I would not recommend buying this until you are crystal clear about how the NAV per share is calculated and what those various rules are regarding preferred vs common, their different redeemability, the effects of warrants, etc.

And if I understood the NAV correctly, why is it trading at 9% discount to NAV?

Doesn't seem very transparent to me. I don't like the structure, I would not buy it.


----------



## MrMatt (Dec 21, 2011)

I thought these were an interesting concept, but it looks like the expenses eat up about 1-1.5%

Doesn't seem like a lot, but why not just buy the underlying bank stock directly and get everything? Or buy an XFN which has half the MER.

Did you read the MD&A off sedar? 
95% the big 5, 10% cash, and -5% "other".


----------



## HaroldCrump (Jun 10, 2009)

If I understand this product correctly, can this strategy not be replicated very easily by an individual investor by buying pref. shares of the same banks (prefs. of banks are very liquid), and also common shares of the same banks.
Then periodically sell covered calls against the common shares to generate more yield.

The pref. shares portion becomes the fixed dividend paying portion of the product, while the common share appreciation and the covered calls revenue becomes the capital shares portion.

Those that don't want to deal with options can simply skip the covered calls part - they may get a slightly lower yield but the core of the structure can still be replicated easily.

Why do we need this product?


----------



## Eclectic12 (Oct 20, 2010)

andrewf said:


> It's leveraged. I don't know if that is a pro or not.
> A lot of the investing intelligentsia dislike split corps. I don't have much opinion.
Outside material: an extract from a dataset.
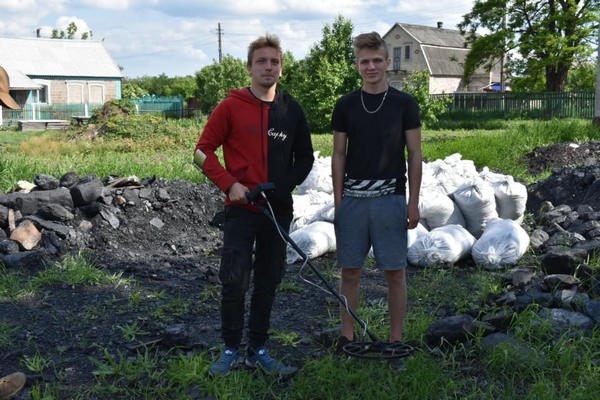 Военные подарили молодежи из Марьинского района миноискатель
I always thought the prefs were more interesting.


Like other forms of leverage - if one catches it in the right direction, it requires less money to achieve a greater return, which is considered a pro. If one buys at a high, the drop is also magnified and is considered a con.
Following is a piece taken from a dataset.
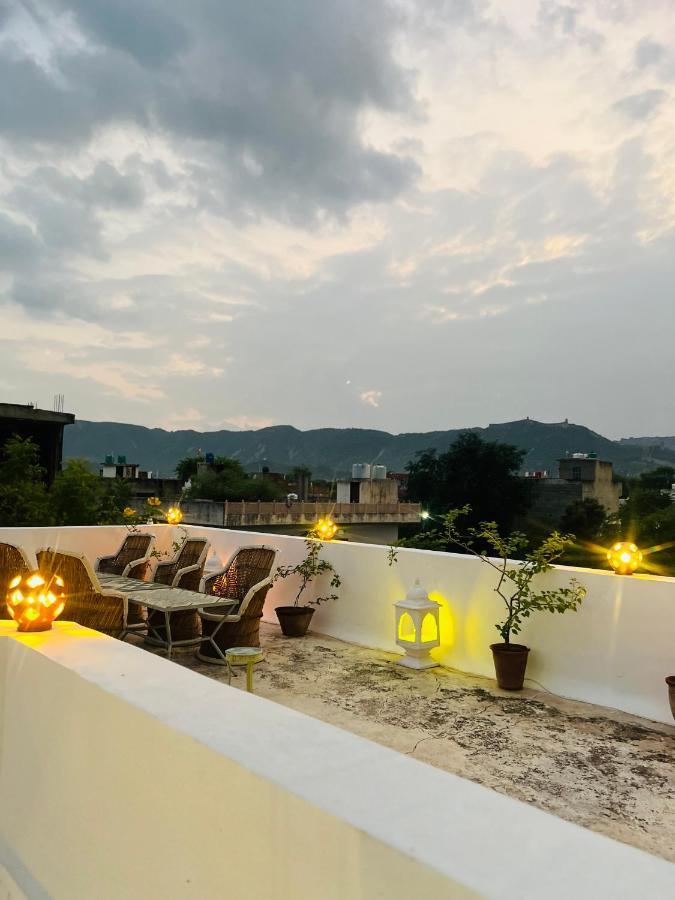 Mosaics Guest House Divisione di Divisione di Jaipur Esterno foto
For example, when I was learning about split shares around 2001 - TransCanada Pipe's common stock had cut their dividend and dropped from something like $34 to $10. The capital split share was worthless according to the windup rules but traded at $1, with about four years to run before a vote to continue or wind it up. Note that in those days, capital shares were strictly capital and did not ever pay a dividend.

Something like 16 months later, the common stock was trading for $21 but the capital shares were trading for $7, where according to the wind up formula, they were worth $7 or slightly more.


I don't recall what the original capital shares were sold for when it was setup but as I recall, the drop for those buying at the high was magnified, just as the rise was as well.




Cheers


*P.S.* The attractions for the yield investor of the preferred share was that it cost roughly 2/3 of what the common share did but was paying a yield about 1% higher and provided downside protection. 

For example, as I recall at the point where the common shares had dropped $14, had the split corp wrapped up the preferred share owner would have been paid out at a $2 loss. 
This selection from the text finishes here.